Mr Salmond was separately acquitted of sexual offences after a trial last year and his allies believe Ms Sturgeon and other SNP figures tried to plot his downfall.
The Holyrood inquiry has been at the centre of a row after twice refusing to publish one of Mr Salmond’s submissions. He made it clear he would not appear in front of MSPs until the decision was reversed.
The path to publication was cleared by judge Lady Dorrian at the High Court in Edinburgh after a challenge by The Spectator magazine. the Scottish Parliament Corporate Body (SPCB) then ruled it would be “possible” for Mr Salmond’s submission to be published.
Earlier, Rape Crisis Scotland attempted an 11th-hour challenge to prevent publication of material it claimed could identify the complainers.
Chief executive Sandy Brindley said: “The lack of priority given to protecting complainers by the Corporate Body is a disgrace and makes me ashamed of the parliament.”
SNP MP Mhairi Black tweeted: “Anonymity is in place to ensure safety – you only need to spend some time online to understand why. If this information is published, in the knowledge that it will identify someone, then we have learned nothing from #MeToo and will be failing survivors everywhere yet again.”

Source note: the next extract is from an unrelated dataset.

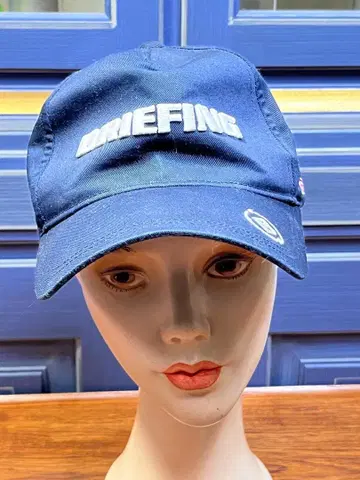 BRIEFING 브리핑 캡 네이비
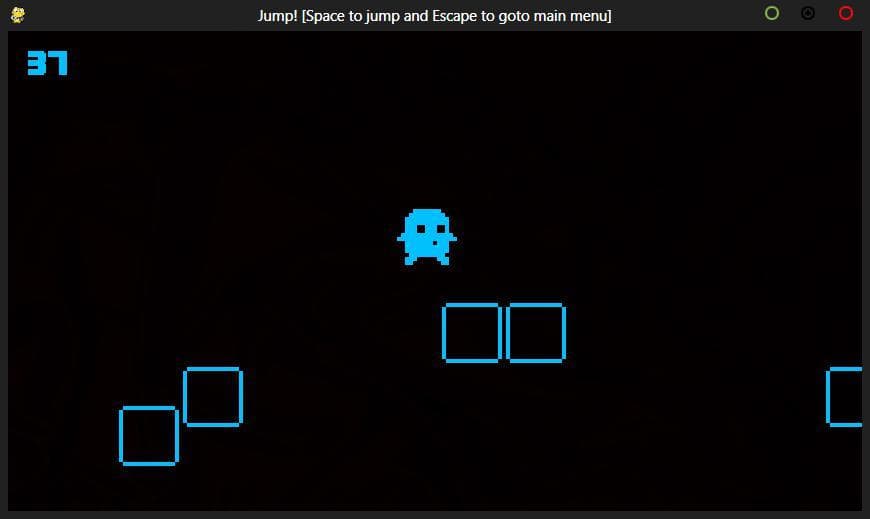 Jump! [2D Neon Platformer] screenshot 2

A number of female parliamentary employees also called for publication to be halted, using the social media hashtag #WeStandTogether.
A Scottish Parliament. spokesman said: “The SPCB takes its legal obligations very seriously and as the Presiding Officer has made clear, we will of course comply with the terms of the court order.”
Later, a spokesman for Mr Salmond confirmed he would attend the hearing tomorrow. despite some “unnecessary” redactions that had been made to his evidence.
He added: “This issue has nothing whatsoever to do with anonymity of complainant s which Mr Salmond has proactively upheld at every stage in the process. Indeed, it was Mr Salmond who in October 2018 moved to protect the identity of the complainants in the civil action in a hearing where the Scottish Government’s not even represented.”
“What he is saying is not true but burden of proof is on him, ‘It’s about whether the First Minister’s led Parliament’.”